Partition in Spark

NanthakumarYoga
New Contributor II

Hi Community, Need your help on understanding below topics.. 

I have a huge transaction file ( 20GB ) partition by transaction_date column , parquet file. I have evenly distributed data ( no skew ). There are 10 days of data and we have 10 partition folder each contains 1 GB. 

Path = '\FileStore\Nantha\Trx\data\2024-01-01\'    ....  '\FileStore\Nantha\Trx\data\2024-01-10'

Now, I would like to understand here,

1. While reading the file without where condition, ( a simple read ). How spark partition the data and process in parrallel. ( default partition size is 128MB ). Here i am confused on partition size is 128MB. what is this ??

2. when we use shuffle.partition is 200, which means 200 partitions having each 128MB ? how this partition is refered and calculated. Are these internal one.

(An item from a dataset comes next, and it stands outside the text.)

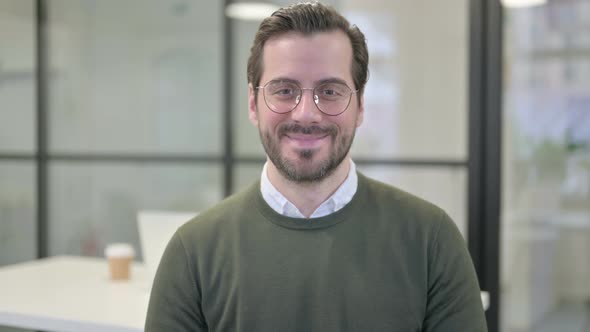 Portrait of Attractive Young Businessman Smiling at Camera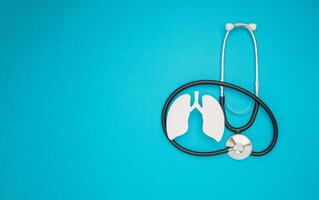 A lung symbol and a stethoscope are on a blue background photo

3. When we are issues cache or persist on dataframe, will this store the whole dataframe in MEMORY / DISK... or will it store as partition internally. 

 

payalbhatia
New Contributor II

I have follow up questions here :
1) OP mentions about the 1 GB of data in each folder. So , the spark will read ~8 partitions on 8 cores(if there ) ?
2)what if I get empty partitions after shuffle?

Personal1
New Contributor II

I read a .zip file in Spark and get unreadable data when I run show() on the data frame.

When I check the number of partitions using df.rdd.getNumPartitions(), I get 8 (the number of cores I am using). Shouldn't the partition count be just 1 as I read a non-splittable/compressed file?

When I was using only 1 core, then I had got only 1 partition though.